Il se retourna. L’homme qui lui parlait n’était pas un agent de sécurité, mais il dégageait la même autorité tranquille. Costume gris anthracite sur mesure, expression impassible – ce bref instant de silence avant que le pouvoir ne se manifeste.

« JasonLee », dit l’homme en tendant la main.

Evan cligna des yeux une fois avant de se reprendre. Lee. Comme dans… Il serra la main, ressentant le poids tranquille d'un calme imperturbable qu'aucune formation de cadre supérieur ne saurait simuler.

« C’est un plaisir de faire enfin votre connaissance », dit Jason. « Nous suivons votre travail avec Apexsoundscapes. Ma femme vous recommande à notre équipe de post-production depuis des mois. »

Evan perçut un léger sourire derrière lui — LilianaCelestineLee, lumineuse bien que sans artifice, se tenant juste assez en retrait pour que la conversation reste privée.

« Avec plaisir », dit-elle doucement. « Toi et le groupe de Jimin — InfinityLine, n’est-ce pas ? — avez donné une nouvelle dimension sonore à Apex. J’ai entendu dire que vos concerts sont devenus de véritables événements. »

« On essaie de ne pas exagérer le volume », a réussi à dire Evan avec un sourire.

Derrière lui, leur manager, une femme au professionnalisme impeccable dont l'attention restait toujours concentrée sur ses artistes, s'avança. « Excusez-moi, EunSeo », présenta-t-elle d'un ton sec. « Je gère les engagements publics des groupes et coproductions d'Apex. C'est un honneur. » Elle fit un signe de tête aux Lee, diplomate mais protectrice. Evan perçut la subtilité : elle laissait rarement ses artistes intervenir dans une conversation sans contexte.
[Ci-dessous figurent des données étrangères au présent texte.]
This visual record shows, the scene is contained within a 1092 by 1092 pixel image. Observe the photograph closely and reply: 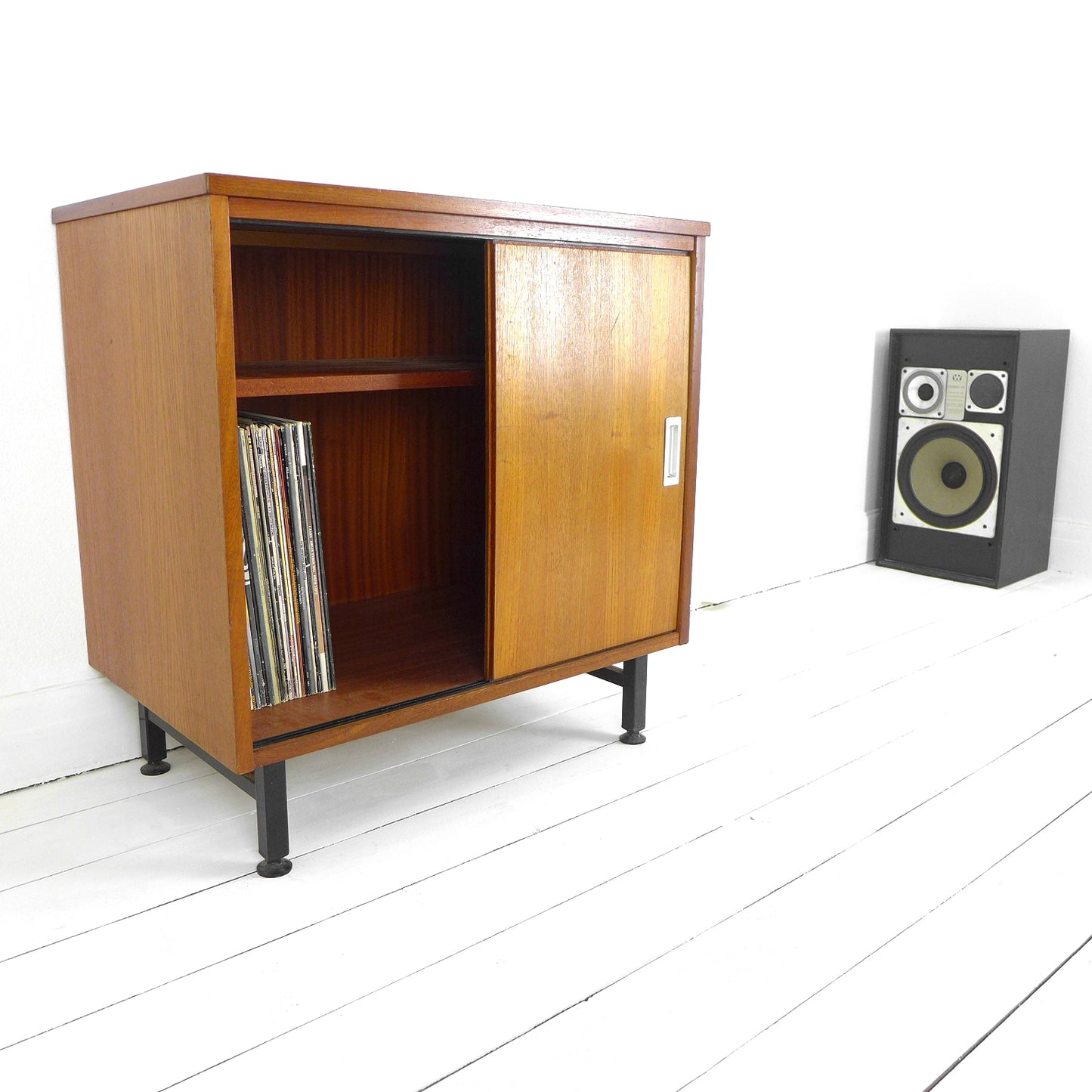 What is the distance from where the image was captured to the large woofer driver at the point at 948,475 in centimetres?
270

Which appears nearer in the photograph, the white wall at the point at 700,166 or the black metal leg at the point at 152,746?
the white wall at the point at 700,166

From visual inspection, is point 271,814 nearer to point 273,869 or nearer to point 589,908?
point 273,869

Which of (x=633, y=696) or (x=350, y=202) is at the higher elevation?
(x=350, y=202)

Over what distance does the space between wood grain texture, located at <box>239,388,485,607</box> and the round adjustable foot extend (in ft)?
1.86

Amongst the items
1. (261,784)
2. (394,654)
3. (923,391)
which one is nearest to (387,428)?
(394,654)

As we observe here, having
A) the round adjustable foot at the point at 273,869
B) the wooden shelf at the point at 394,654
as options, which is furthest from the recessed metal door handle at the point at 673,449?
the round adjustable foot at the point at 273,869

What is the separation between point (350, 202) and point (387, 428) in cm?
64

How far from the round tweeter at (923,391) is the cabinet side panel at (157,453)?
211 cm

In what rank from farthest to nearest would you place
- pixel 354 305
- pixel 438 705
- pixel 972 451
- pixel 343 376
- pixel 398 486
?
1. pixel 972 451
2. pixel 398 486
3. pixel 354 305
4. pixel 438 705
5. pixel 343 376

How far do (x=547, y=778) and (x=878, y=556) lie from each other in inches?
66.9

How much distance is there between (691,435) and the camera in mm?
1640

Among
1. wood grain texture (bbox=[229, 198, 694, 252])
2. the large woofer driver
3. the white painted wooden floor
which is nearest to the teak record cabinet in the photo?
wood grain texture (bbox=[229, 198, 694, 252])

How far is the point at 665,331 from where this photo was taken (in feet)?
5.10

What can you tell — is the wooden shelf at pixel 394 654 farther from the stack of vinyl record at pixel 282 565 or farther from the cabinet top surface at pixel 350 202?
the cabinet top surface at pixel 350 202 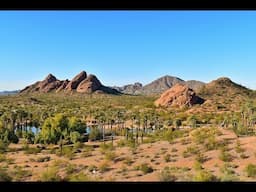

Jason désigna le couloir latéral. « Entrez tous les deux. Les photographes ne trouveront pas le chemin par ici, et Mara est trop occupée à préparer son prochain article à sensation. »

L’invitation n’était pas vraiment une demande. Ils le suivirent dans un passage étroit éclairé d’une lumière tamisée. Le bourdonnement du toit s’estompa, remplacé par un léger souffle de climatisation et un jazz étouffé qui s’échappait des conduits d’aération.

La loge verte était à la hauteur de sa réputation : des tons émeraude doux, un mobilier minimaliste et des photos encadrées des classiques de CelestineStudio discrètement accrochées à un mur.

« C’est impressionnant », dit Evan, laissant le calme s’installer autour de lui. « Difficile de croire qu’il puisse y avoir du calme si près de ce chaos. »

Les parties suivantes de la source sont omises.